Privatisation d’ADP : Aéroports de Paris doit rester public
Annoncée depuis plusieurs mois, la privatisation du groupe Aéroports de Paris est en cours de discussion au Parlement. Alors qu’en première lecture les députés avaient validé cette privatisation et celle de la Française des Jeux, le Sénat a rejeté le projet de privatisation de la FDJ et le débat sur celle du groupe ADP s’annonce véhément.
La privatisation d’Aéroports de Paris revêt un triple enjeu : écologique, stratégique & éthique, et financier
Un enjeu écologique
Le transport aérien est un puissant émetteur de gaz à effet de serre (2,8% des émissions de CO2 mondiales). Le trafic aérien étant amené à croître encore dans les années à venir, les émissions du secteur vont continuer d’augmenter, même si des efforts sont réalisés pour diminuer les émissions unitaires de chaque trajet.

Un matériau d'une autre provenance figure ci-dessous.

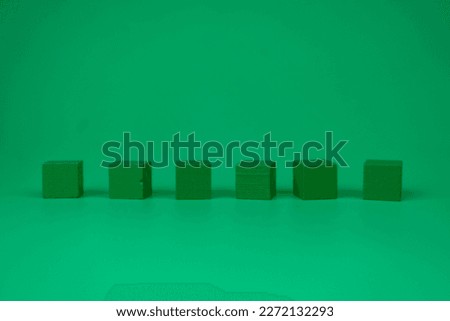 A row six wood geometric shapes cube in the green background.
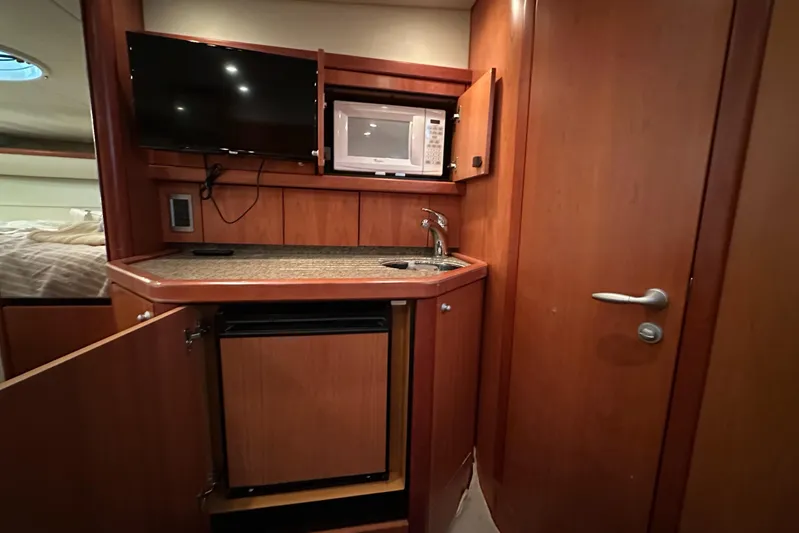  Yacht Photos Pics 2006 Sunseeker Sportfisher 37 interior with kitchenette, TV, and microwave.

Si on souhaite préserver le climat, l’Etat va être amené à réglementer davantage le transport aérien. Pour ce faire, l’Etat a donc tout intérêt à conserver la main-mise sur ADP, sans avoir à céder de nouvelles contreparties à d’éventuelles pertes de recettes pour le gestionnaire.
Par exemple, les autorités publiques peuvent vouloir modifier les couloirs de circulation, ou bien les horaires, ou les normes sonores des appareils, de façon à limiter les nuisances sonores. Il peut également souhaiter instaurer une taxation du kérozène via une taxe carbone. Une telle mesure conduirait à un redimensionnement du trafic, et donc des recettes afférentes.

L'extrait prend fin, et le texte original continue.